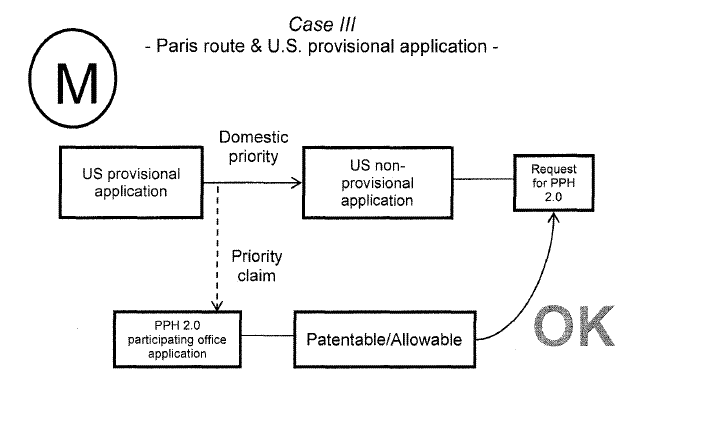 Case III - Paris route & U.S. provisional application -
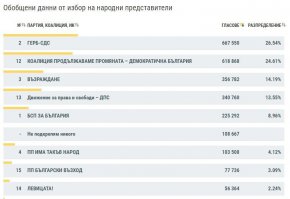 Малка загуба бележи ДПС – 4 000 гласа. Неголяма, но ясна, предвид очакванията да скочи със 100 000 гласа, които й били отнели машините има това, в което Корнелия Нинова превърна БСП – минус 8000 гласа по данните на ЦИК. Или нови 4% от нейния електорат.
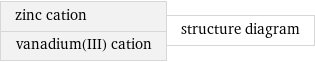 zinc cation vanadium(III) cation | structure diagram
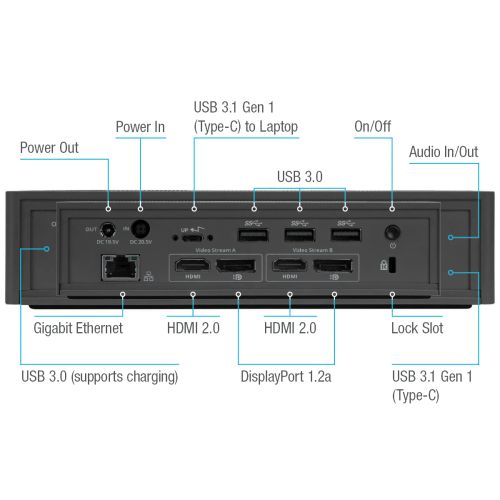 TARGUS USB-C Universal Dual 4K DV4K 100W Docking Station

***

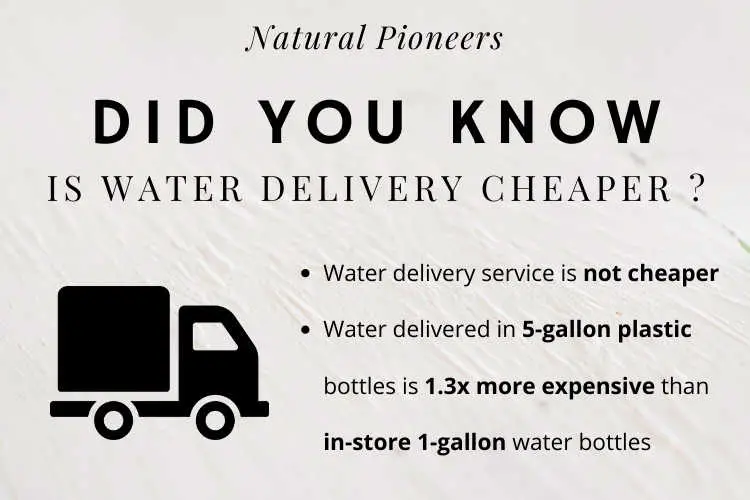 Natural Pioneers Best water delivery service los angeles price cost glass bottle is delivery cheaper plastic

***

Taking the records above, print only and exactly the lines from the line with "Case III - Paris" to the line with "TARGUS USB-C Universal", both kept, and exclude pictures.

 Case III - Paris route & U.S. provisional application -
 Малка загуба бележи ДПС – 4 000 гласа. Неголяма, но ясна, предвид очакванията да скочи със 100 000 гласа, които й били отнели машините има това, в което Корнелия Нинова превърна БСП – минус 8000 гласа по данните на ЦИК. Или нови 4% от нейния електорат.
 zinc cation vanadium(III) cation | structure diagram
 TARGUS USB-C Universal Dual 4K DV4K 100W Docking Station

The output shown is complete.